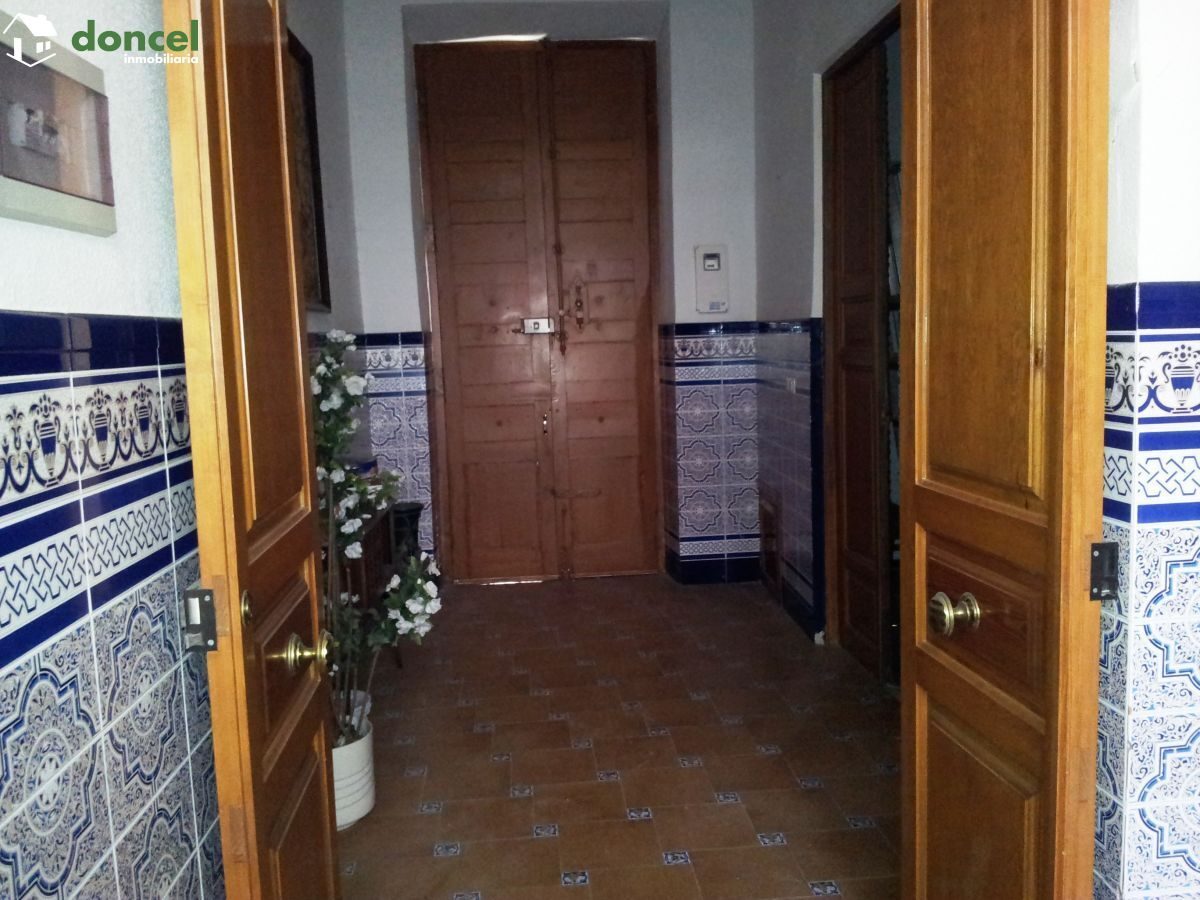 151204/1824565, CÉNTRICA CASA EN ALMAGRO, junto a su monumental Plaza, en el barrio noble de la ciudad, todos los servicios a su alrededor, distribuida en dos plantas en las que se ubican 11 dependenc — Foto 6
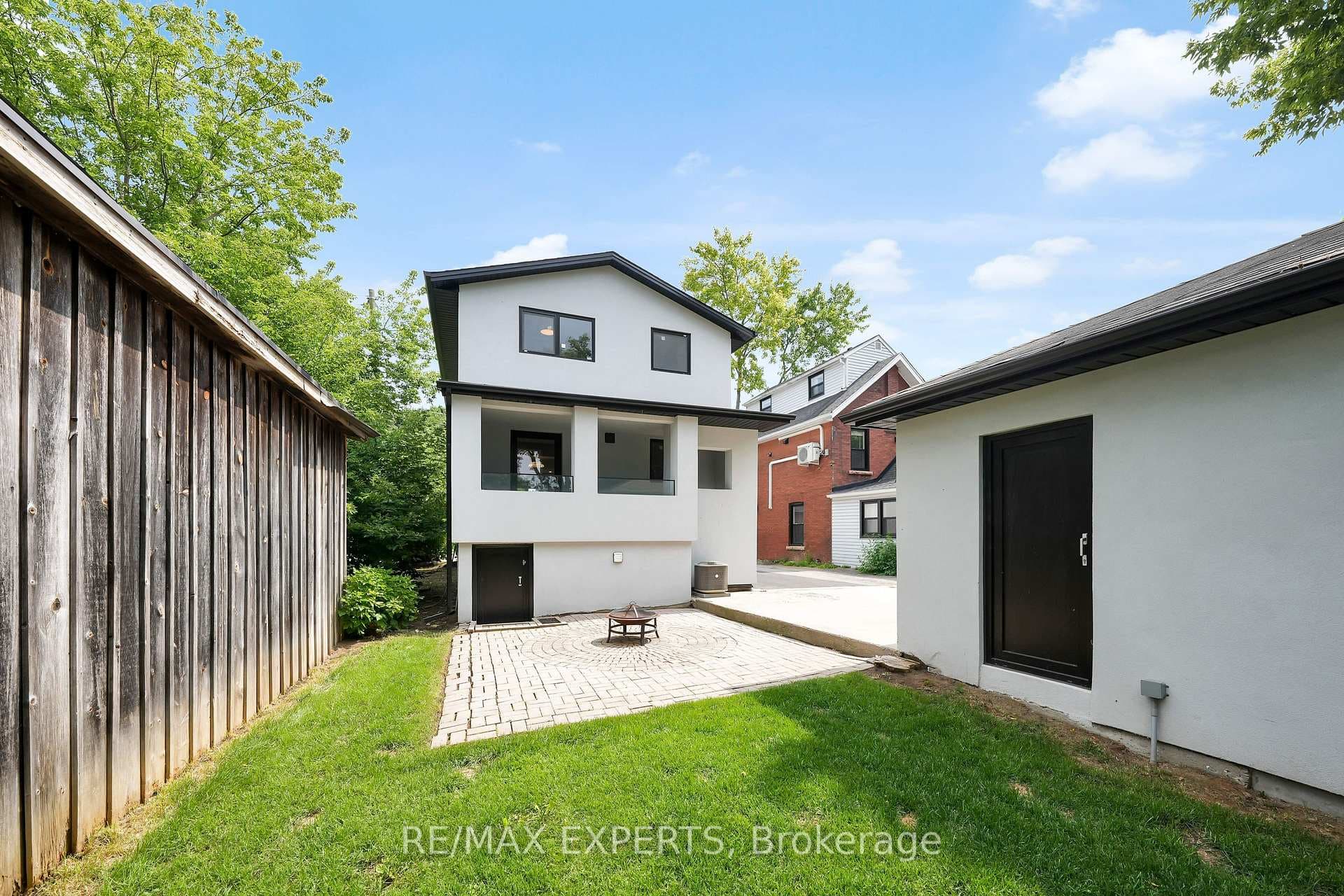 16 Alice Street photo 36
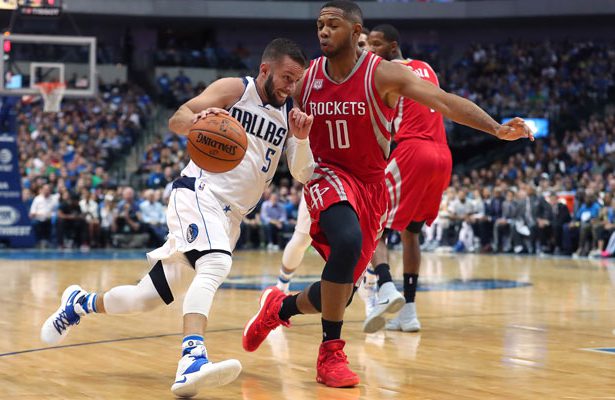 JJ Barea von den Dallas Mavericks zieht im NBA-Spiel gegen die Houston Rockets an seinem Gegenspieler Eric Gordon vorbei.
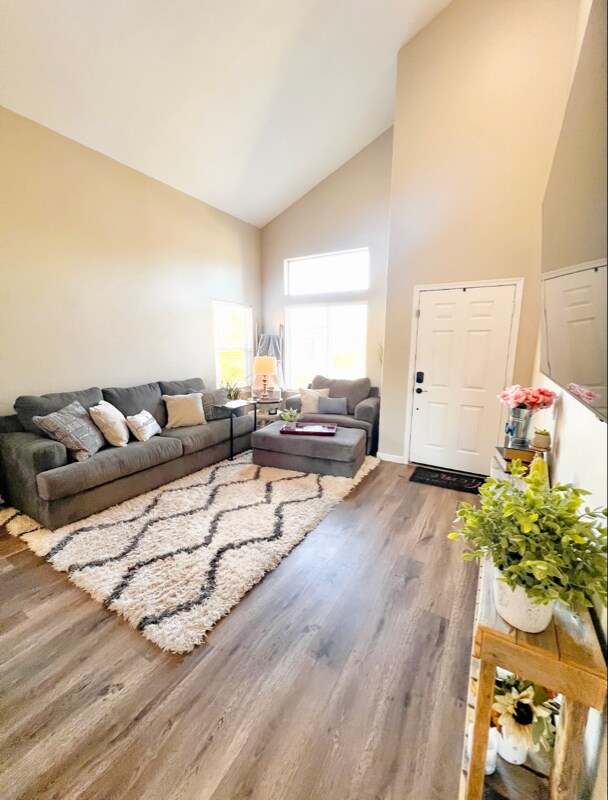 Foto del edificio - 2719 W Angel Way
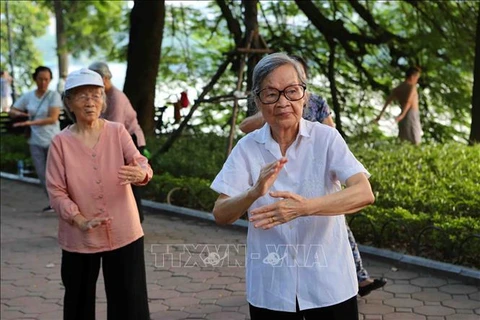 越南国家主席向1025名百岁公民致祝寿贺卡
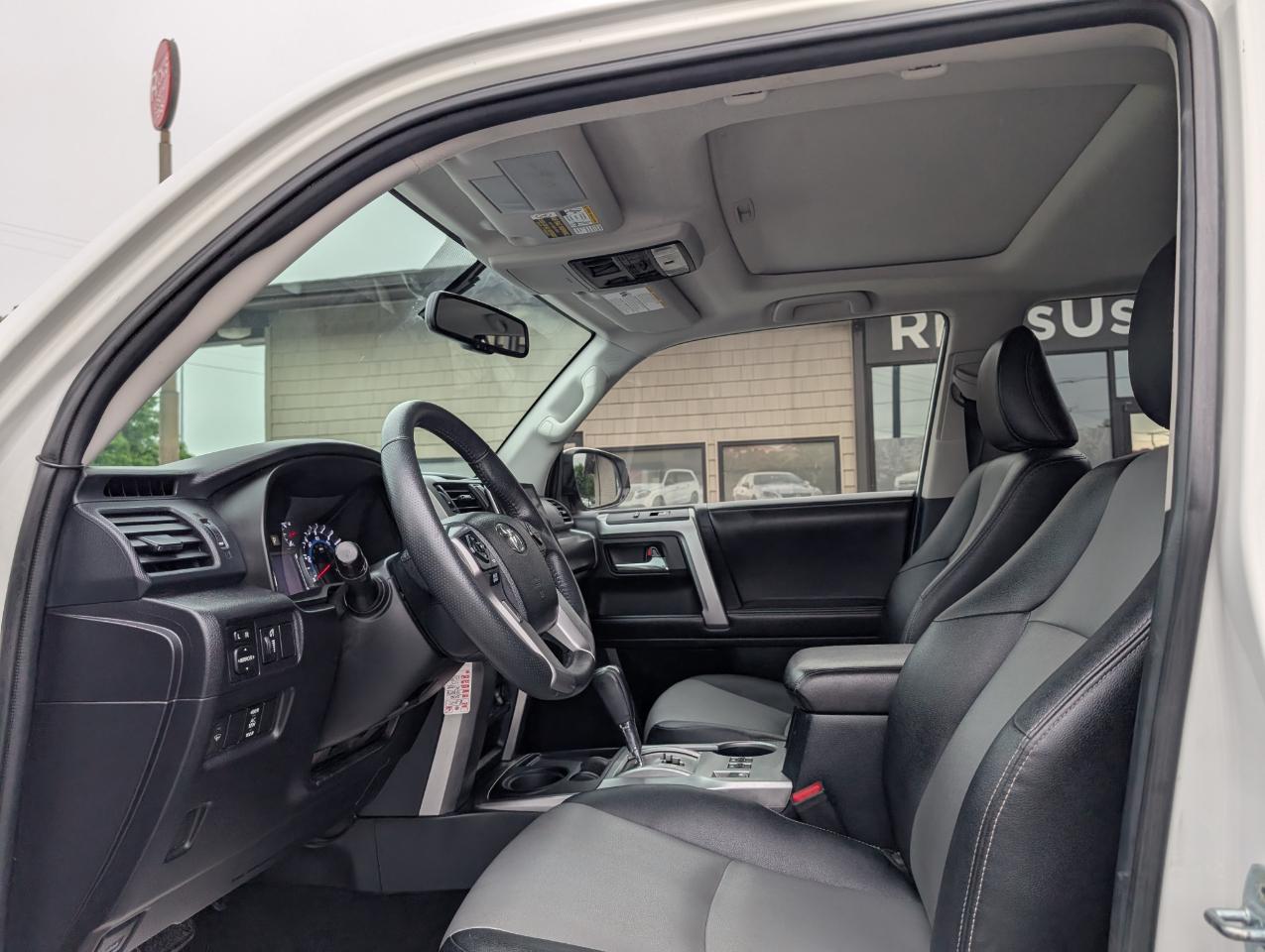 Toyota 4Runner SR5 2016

******************************

ABOUT THIS EXERCISE: Would you repeat the complete listing exactly, excluding each picture it holds?

WORKED SOLUTION:
 151204/1824565, CÉNTRICA CASA EN ALMAGRO, junto a su monumental Plaza, en el barrio noble de la ciudad, todos los servicios a su alrededor, distribuida en dos plantas en las que se ubican 11 dependenc — Foto 6
 16 Alice Street photo 36
 JJ Barea von den Dallas Mavericks zieht im NBA-Spiel gegen die Houston Rockets an seinem Gegenspieler Eric Gordon vorbei.
 Foto del edificio - 2719 W Angel Way
 越南国家主席向1025名百岁公民致祝寿贺卡
 Toyota 4Runner SR5 2016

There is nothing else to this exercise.